Supplied entries:

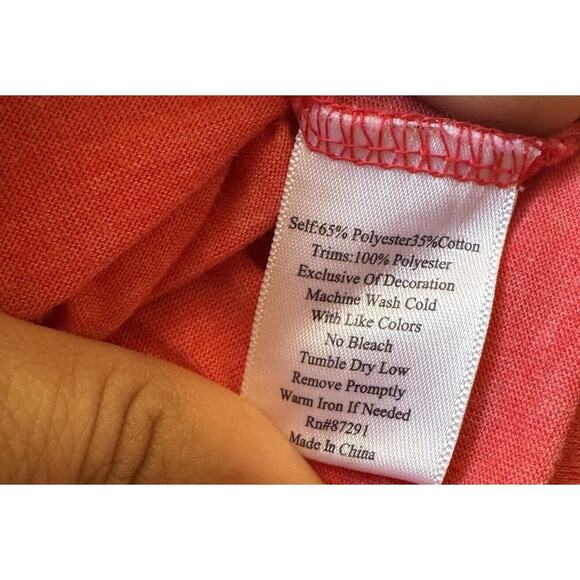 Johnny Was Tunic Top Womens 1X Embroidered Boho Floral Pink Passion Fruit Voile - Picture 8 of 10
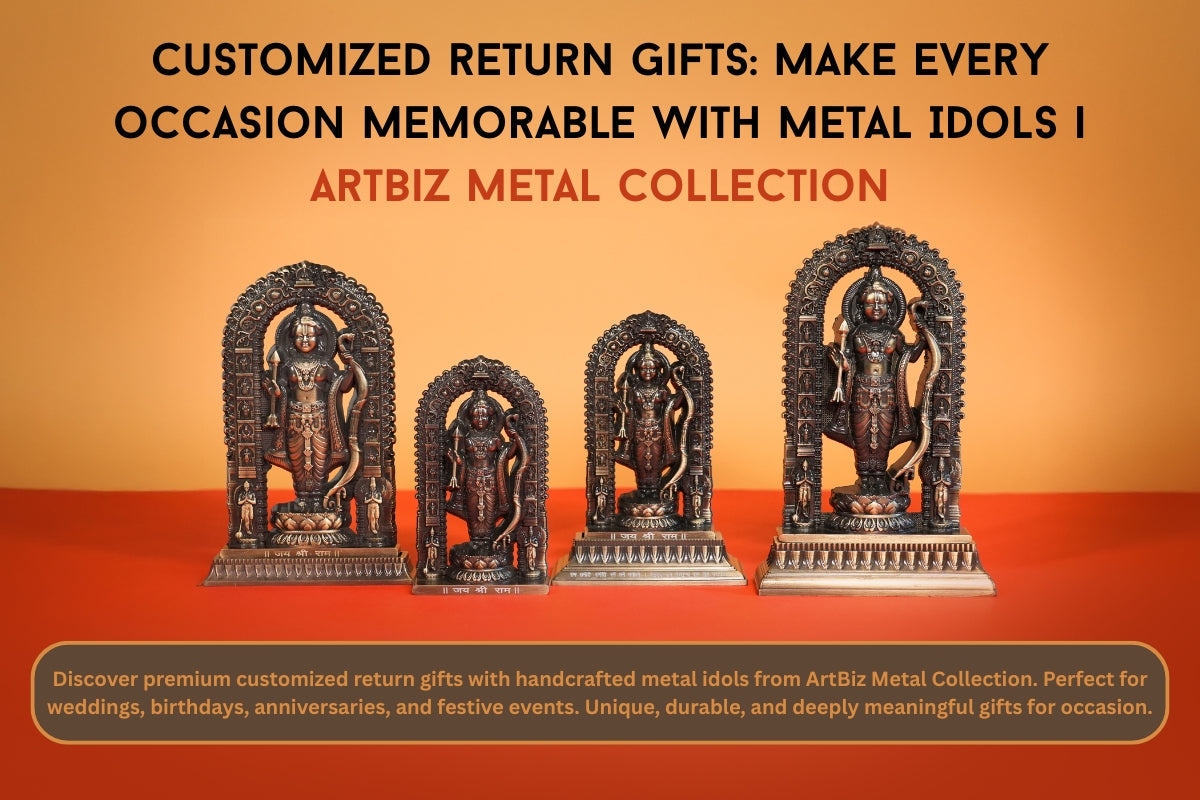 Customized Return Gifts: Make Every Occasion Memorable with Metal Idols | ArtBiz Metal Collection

...

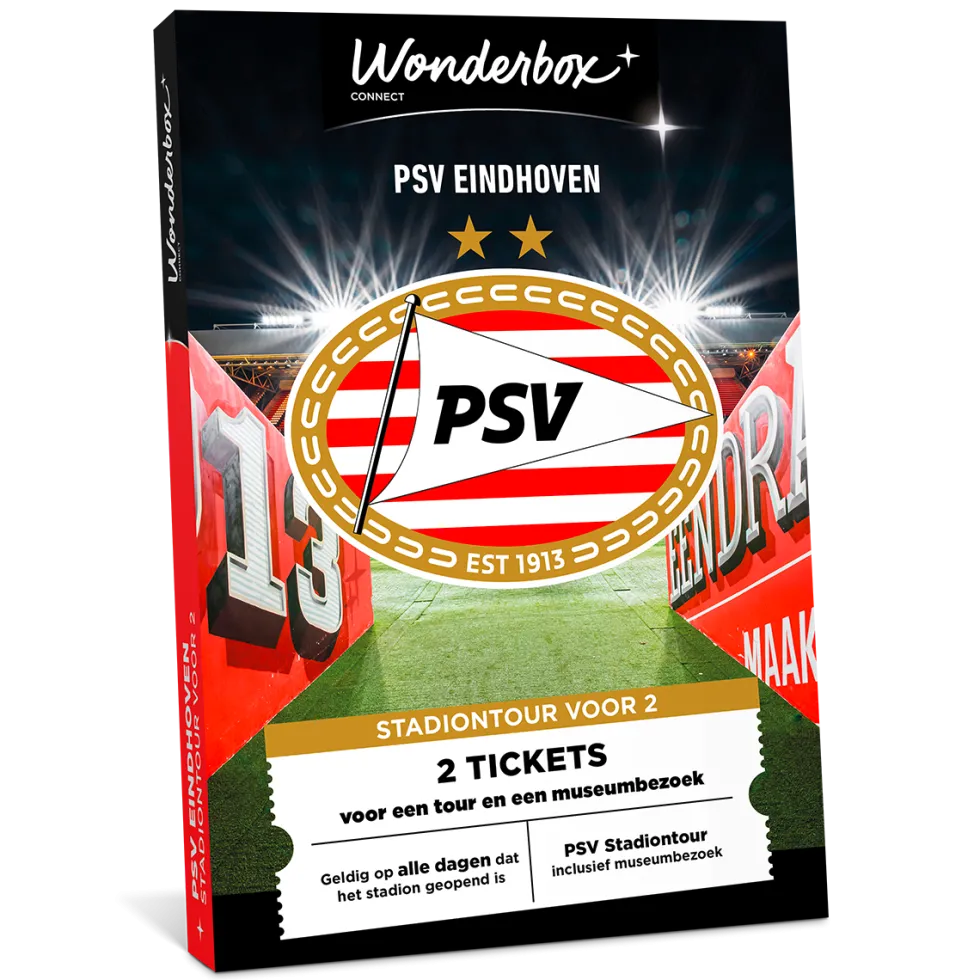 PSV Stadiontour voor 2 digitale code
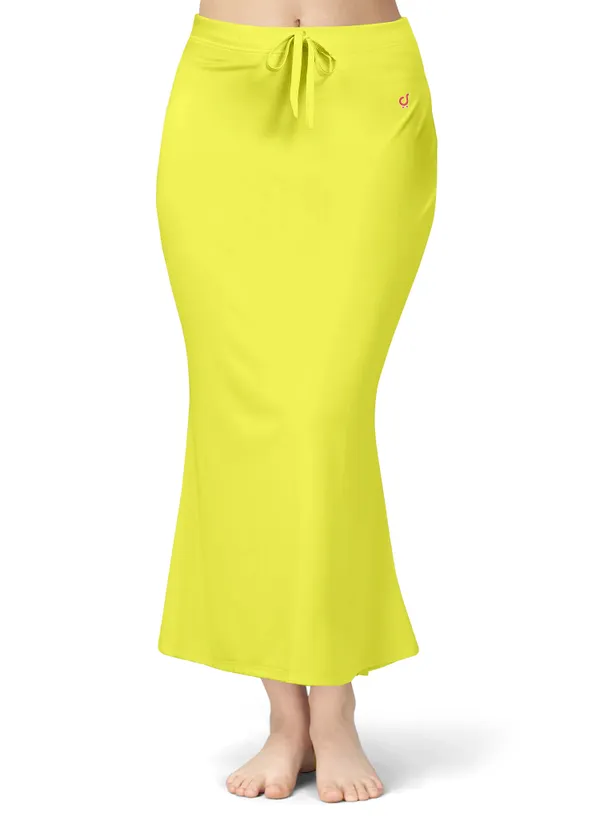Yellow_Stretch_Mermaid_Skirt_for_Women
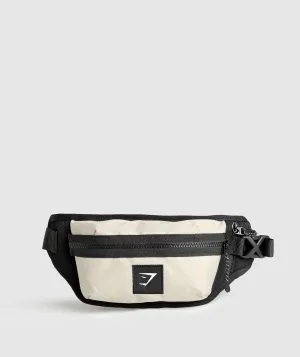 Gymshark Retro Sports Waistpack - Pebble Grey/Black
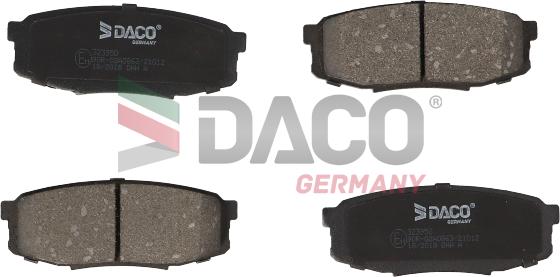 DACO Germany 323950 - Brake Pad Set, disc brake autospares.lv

Aim of the exercise: Copy out exactly the lines above beginning with the line that contains "Johnny Was Tunic" and finishing with the line that contains "Customized Return Gifts: Make", including both; leave the pictures out.

Written solution:
 Johnny Was Tunic Top Womens 1X Embroidered Boho Floral Pink Passion Fruit Voile - Picture 8 of 10
 Customized Return Gifts: Make Every Occasion Memorable with Metal Idols | ArtBiz Metal Collection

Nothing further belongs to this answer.